Après avoir mis sur les dents la sûreté départementale du Rhône tout au long d’un automne où elle s’avéra un auteur de mails inquiétants particulièrement prolifique, la jeune femme a été finalement interpellée jeudi 21 janvier, comme l’a révélé la Direction départementale de la sécurité publique de Lyon (DDSP), à l’issue d’une traque intensive sur le Net et pour le plus grand soulagement de son établissement de formation, qui avait été placé sous haute surveillance dans le cadre du Plan Vigipirate renforcé.

Sa prose de sinistre augure avait alarmé en haut lieu, jusqu'au ministère de l’Intérieur, rares étant ceux qui pensaient qu’elle était l’œuvre d’une cyber-activiste, jeune et catholique de surcroît, dans un contexte post-attentats de Charlie Hebdo et de l’Hyper Cacher propice à voir derrière chaque musulman un « terroriste islamiste » en puissance.

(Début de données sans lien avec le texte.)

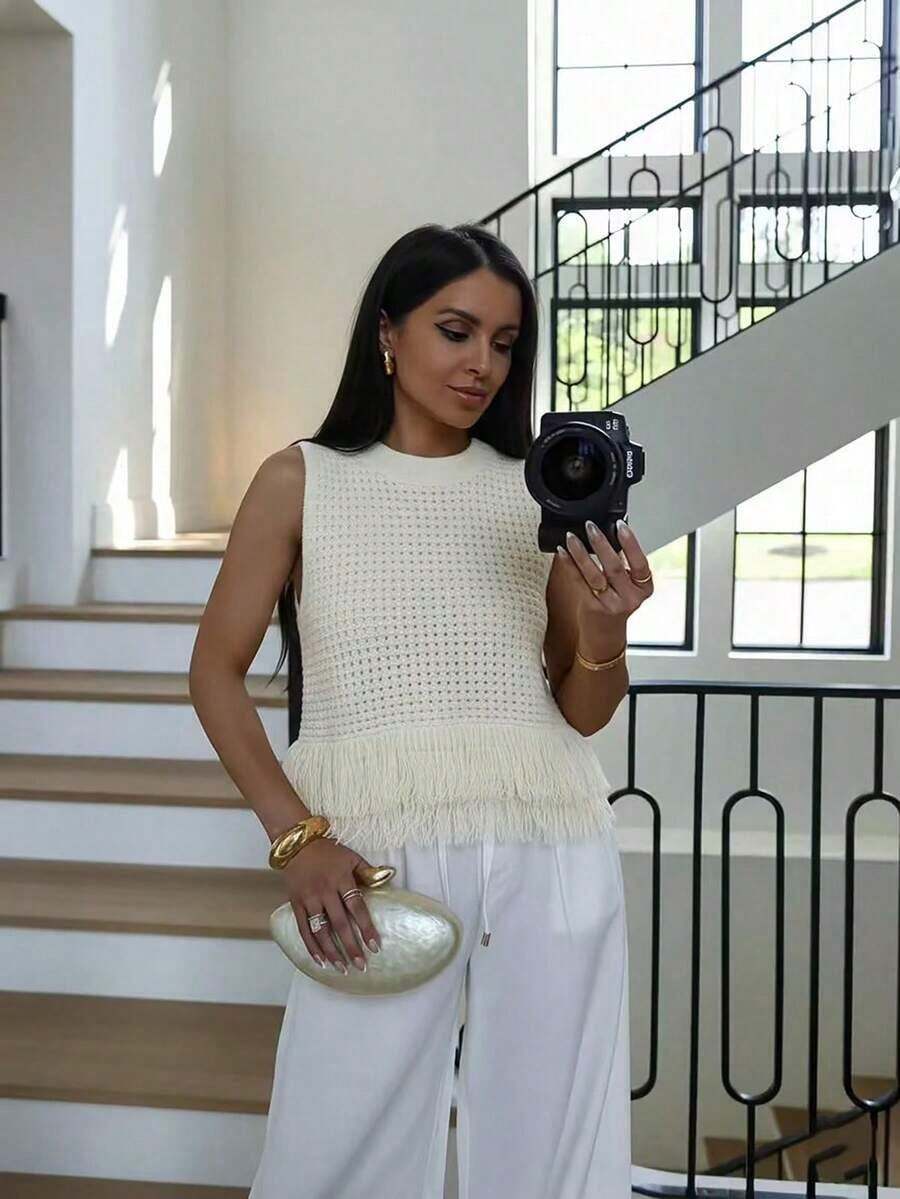 Top de punto sin mangas de cuello redondo de unicolor, versátil para el verano - Beis - Ver 1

Voici un extrait de ces messages qui ne laissaient rien présager de bon et dont on sait aujourd’hui qu’ils étaient signés d’une jeune femme originaire de la Réunion, ses motivations restant pour le moins mystérieuses, voire « confuses », laquelle aurait rencontré des « diffIcultés dans sa formation d’enseignante », selon une dépêche de l’AFP.

« Mes frères djihadistes et moi allons nous occuper de vous.

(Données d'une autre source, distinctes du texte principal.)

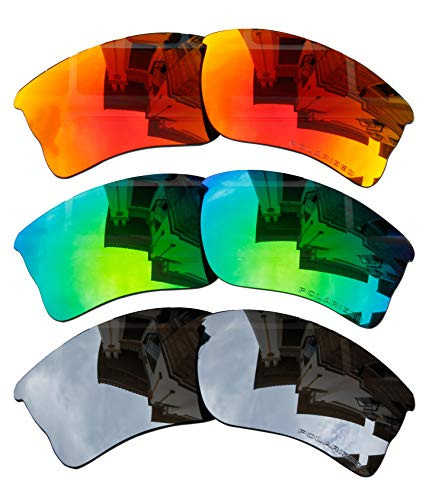 BVANQ 3 Pairs Polarized Lenses Replacement for Oakley Quarter Jacket OO9200 Fire Red & Green & Black Iridium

Je vais nettoyer cette école.
Plus d’étudiant ça servira d’exemple.
Je vais aussi briser vos stagiaires. Ce sera encore plus facile.
Les chrétiens seront prioritaires. Je veux un feu de joie !
Vous avez tous une semaine pour vous convertir ! D’ici là mes frères armés viendront apporter la paix chez l’ESPE
. »

D’après le site Rue89Lyon qui a contacté la DDSP, une source policière brosse le portrait d’une « fille perturbée psychologiquement » qui a eu « une classe difficile dans un collège de l’agglomération lyonnaise », évoquant une altercation verbale dont elle aurait été victime dans la rue, après avoir dit à un « groupe de jeunes » qu’elle était catholique.

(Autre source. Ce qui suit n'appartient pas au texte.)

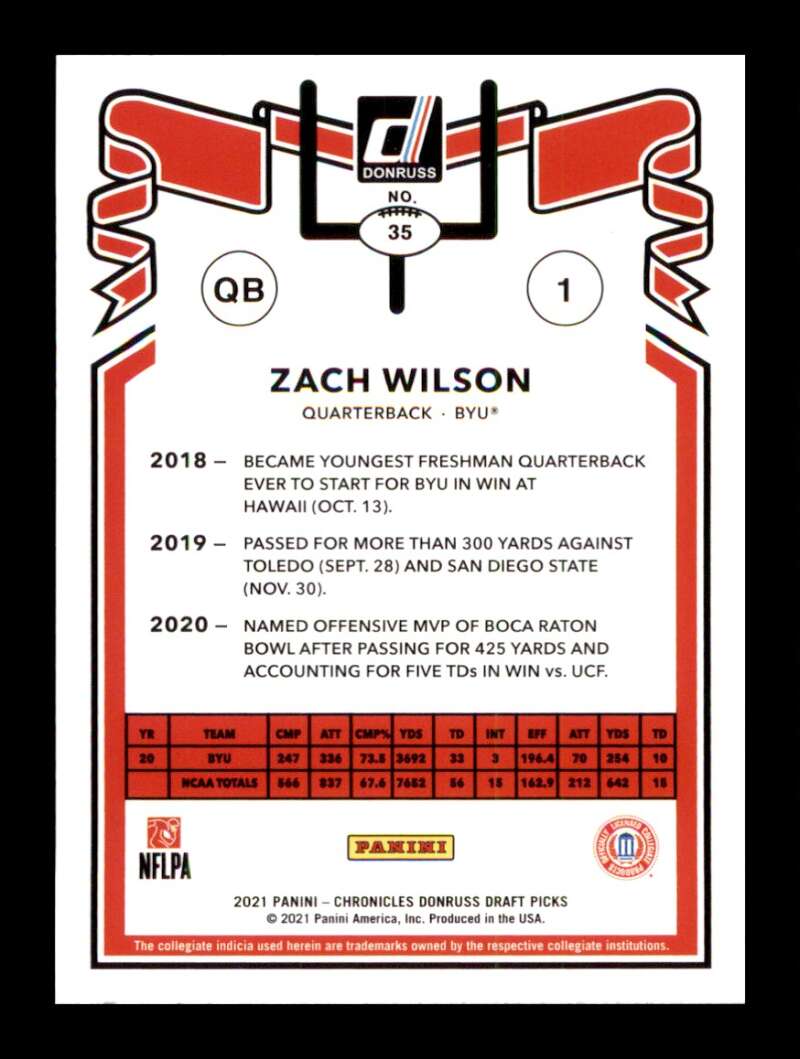 Load image into Gallery viewer, 2021 Panini Chronicles Draft Donruss Retro Zach Wilson #35 BYU Cougars Rookie RC  Image 2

Contrairement aux allégations délirantes de la fachosphère qui aurait dû savoir raison garder pour éviter de se disqualifier un peu plus, les coupables idéaux n’en étaient pas, tandis que celle qui était au-dessus de tout soupçon se retrouve sur le banc des accusés. Elle comparaîtra devant le tribunal correctionnel pour « apologie de terrorisme » et « crime contre les personnes en raison de la religion », tout en étant placée sous contrôle judiciaire avec obligation de soin.